/fadec

Primary LanguageVerilogApache License 2.0Apache-2.0

FADEC

FPGA-based Acceleration of Video Depth Estimation by HW/SW Co-design

Copyright 2022, Nobuho Hashimoto and Shinya Takamaeda-Yamazaki

License

Apache License 2.0

Publication

If you use FADEC in your research, please cite our paper.

@INPROCEEDINGS{9974565,
    author    = {Hashimoto, Nobuho and Takamaeda-Yamazaki, Shinya},
    booktitle = {2022 International Conference on Field-Programmable Technology (ICFPT)},
    title     = {{FADEC: FPGA-based Acceleration of Video Depth Estimation by HW/SW Co-design}},
    year      = {2022},
    volume    = {},
    number    = {},
    pages     = {1-9},
    doi       = {10.1109/ICFPT56656.2022.9974565}
}

For further information on our paper, you can view the following materials.

Summary

This is a novel FPGA-based accelerator for a depth estimation method "DeepVideoMVS", which alternates between traditional image/video processing algorithms and DNNs. We employ HW/SW co-design to appropriately utilize heterogeneous components in modern SoC FPGAs, such as programmable logic (PL) and CPU, according to the inherent characteristics of the method. The hardware and software implementations are executed in parallel on the PL and CPU to hide their execution latencies. This accelerator was developed on a Xilinx ZCU104 board by using NNgen, an open-source high-level synthesis (HLS) tool.
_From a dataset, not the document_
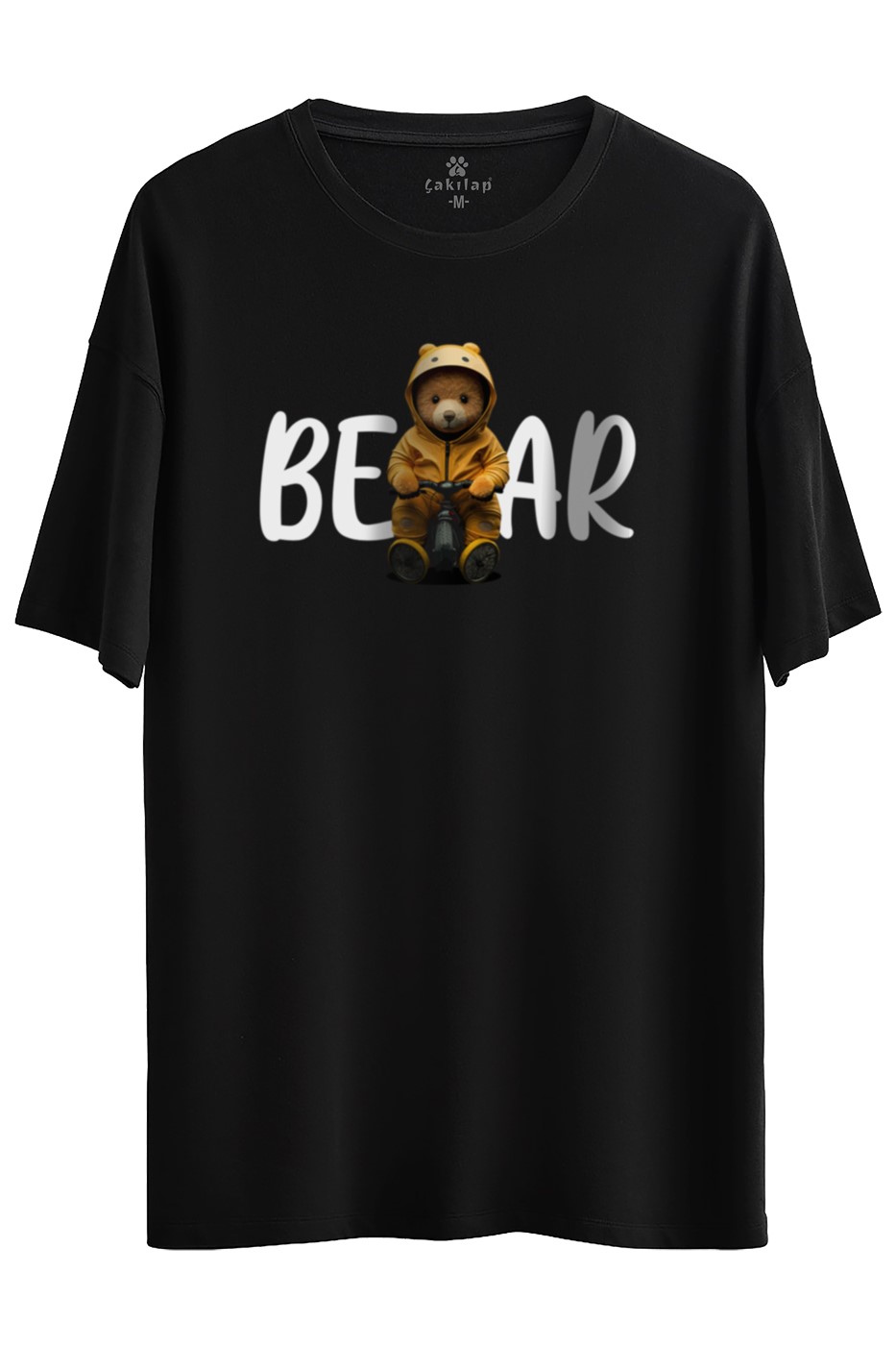 Ayıcık Baskılı Oversize Tişört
Experiments showed that this accelerator operates 60.2 times faster than the software-only implementation on the same FPGA board with minimal accuracy degradation.

Procedure

  1. Prepare pre-trained weights and datasets
  2. Adjust datasets to our implementation
  3. Quantize weights and activation
  4. Export network input and output
  5. Export HDL using NNgen
  6. Generate bitstream using Vivado
  7. Execute FADEC on ZCU104
  8. Evaluate results

Note: If you just want to execute and evaluate FADEC, move to 7. Execute FADEC on ZCU104.

Settings

1st to 4th

  • Python 3.8.12
    • numpy==1.20.3
    • opencv-contrib-python==4.5.4.60
    • path==15.0.0
    • torch==1.5.1+cu101
    • torchvision==0.6.1+cu101

5th

Warning: As we customized NNgen, we don't recommend you install NNgen by pip (Installation guideline is in 5. Export HDL using NNgen.).

  • Python 3.8.2
    • nngen==1.3.3
    • numpy==1.22.3
    • onnx==1.11.0
    • pyverilog==1.3.0
    • torch==1.11.0
    • veriloggen==2.1.0

Note: The environment is changed from "1st to 4th" because we used different machines.

6th

  • Vivado v2021.2

7th and 8th

  • ZCU104 board with Zynq UltraScale+ MPSoC XCZU7EV-2FFVC1156 from Xilinx
    • PYNQ Linux 2.6, based on Ubuntu 18.04 (GNU/Linux 5.4.0-xilinx-v2020.1 aarch64)
    • Python 3.6.5
      • Cython==0.29
      • numpy==1.16.0
      • torch==1.10.2
    • g++ (Ubuntu/Linaro 7.3.0-16ubuntu3) 7.3.0 (for the 8th)
      • OpenCV v3.4.3
      • Eigen v3.3.4

Files in ./dev/params

Note: You can generate these parameters by yourself by following the instructions.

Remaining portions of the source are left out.